The biggest challenge that we have to get beyond in discussing immigration reform is the concept of “legal” and “illegal” immigration.
Throughout most of American history (until 1907) the only legal basis for immigrating to the USA was the color of your skin — and it had to be right tone as well (caucasian yet not Mediterranean or Eastern European).
So when someone says that their forbears immigrated “legally” to the USA they often are only barely technically correct. There was no restriction on immigrating to the USA prior to 1907 other than being racially qualified.
Although the 14th Amendment, passed in 1868, protects children born in the United States it was not until 1898 (United States v. Wong Kim Ark) that non-whites or non-blacks were allowed to be included under the protection of this part of the U.S. Constitution.

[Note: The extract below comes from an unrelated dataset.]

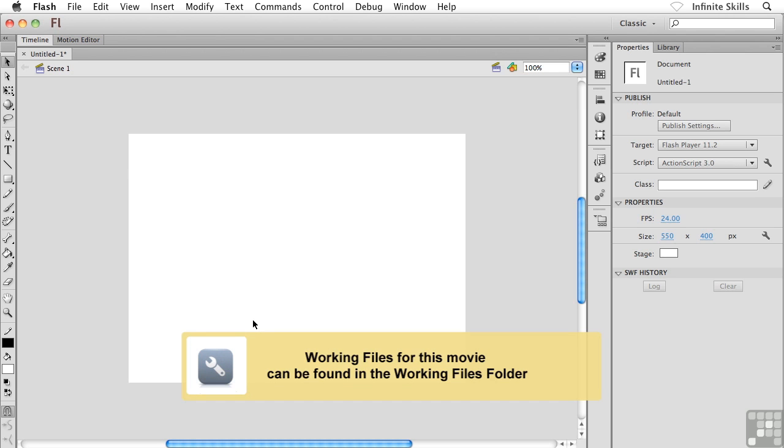Okay, so we're ready to get started with symbols. I think you're really going to enjoy this. Go ahead and create for yourself a brand new blank document, if you would.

Prior to 1907 you only needed to buy a ship ticket or enter via some port (land or sea). No visa required. No immigration paperwork other than you checked in at the port and no reason was found to bar you.
The first naturalization law in the United States was the Naturalization Act of 1790, which restricted naturalization to “free white persons” of “good moral character” who had resided in the country for two years and had kept their current state of residence for a year.
Migrant workers were always welcome into the USA, they just weren’t eligible for citizenship. Most of our current illegal immigrants are here because U.S. industry needed them and has been willing to pay for their services. Where once we had “indentured servants” (7 years of service to an employer) we evolved long ago to employing migrant workers once indentured servitude was outlawed.
In 1870, the law was broadened to allow African Americans to be naturalized. Asian immigrants were excluded from naturalization but not from living in the United States.
It was not until 1921 that the United States Congress passed the ‘Emergency Quota Act’, which established national immigration quotas. The quotas were based on the number of foreign-born residents of each nationality who were living in the United States as of the 1910 census.